Ходишь по музеям, и сердце радуется: сколько хорошего может сделать и делает человек! Я не ошибусь, если скажу, что в музеях познаются душа народа, его устремления.
Как-то на Выставке достижений народного хозяйства стоял я в толпе возле макета искусственного спутника Земли и слушал пояснение экскурсовода.
— Полет космического корабля! Вот он стоит на старте, чтобы через секунды проложить еще одну трассу в космос. Старт. Ракета устремилась вверх. И только огненный след да быстро рассеивающиеся столбы отработанных газов. От восторга захватывает дух — это сделано руками советского человека!
Экскурсовод говорил и говорил. Но вдруг мне стало грустно, я вспомнил другие экспонаты, экспонаты музея криминалистики.

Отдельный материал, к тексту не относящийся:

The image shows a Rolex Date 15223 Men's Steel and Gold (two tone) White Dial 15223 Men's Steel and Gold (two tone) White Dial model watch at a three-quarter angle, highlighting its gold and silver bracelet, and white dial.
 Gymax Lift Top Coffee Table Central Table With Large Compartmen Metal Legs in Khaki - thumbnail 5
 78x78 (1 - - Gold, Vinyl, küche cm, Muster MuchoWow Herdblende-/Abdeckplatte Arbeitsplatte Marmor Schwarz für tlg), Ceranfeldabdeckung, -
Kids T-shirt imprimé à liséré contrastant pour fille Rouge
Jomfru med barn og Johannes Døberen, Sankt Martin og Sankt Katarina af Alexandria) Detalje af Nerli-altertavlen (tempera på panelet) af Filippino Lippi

Там выставлены тоже изделия рук человеческих, но на что они нацелены? Отмычки, кастеты, ножи. Они вроде бацилл под колпаками.
Ракеты и кастеты. Мчащаяся в космосе человеческая мечта и орудия преступника. Настоящее и прошлое.
— Так как же с музеем криминалистики, комиссар? — спросил я себя. — Видно, плохо ты работаешь?..
Экскурсовод прервал объяснение и вопросительно посмотрел на меня:
— Вы что-то сказали?
— Нет, нет.
Я спорил сам с собой. Спорил вслух.
Извинившись, я отошел в сторонку. А мысль все сверлит мозг: «Как же с «нашим» криминалистическим музеем?»
Видимо, моя работа заставляет меня острее воспринимать все это. А если посмотреть со стороны?
В музее криминалистики «короли взлома» уходят в прошлое, и экспонаты молчат.
Есть у меня одна фотография, она могла бы висеть в музее, в разделе «Конец преступного мира». Это фотоснимок 65-летнего старика Муравского.
Стены московского уголовного розыска видели его еще молодым. Тогда он не был лыс, и щегольские усики не блестели сединой. Последний раз Муравского задержали за карманную кражу. Он уже постарел, не мог прыгать на ходу из трамваев — возраст не тот. Тогда он стал подвизаться в церкви, обирать тихих, смиренных старушек.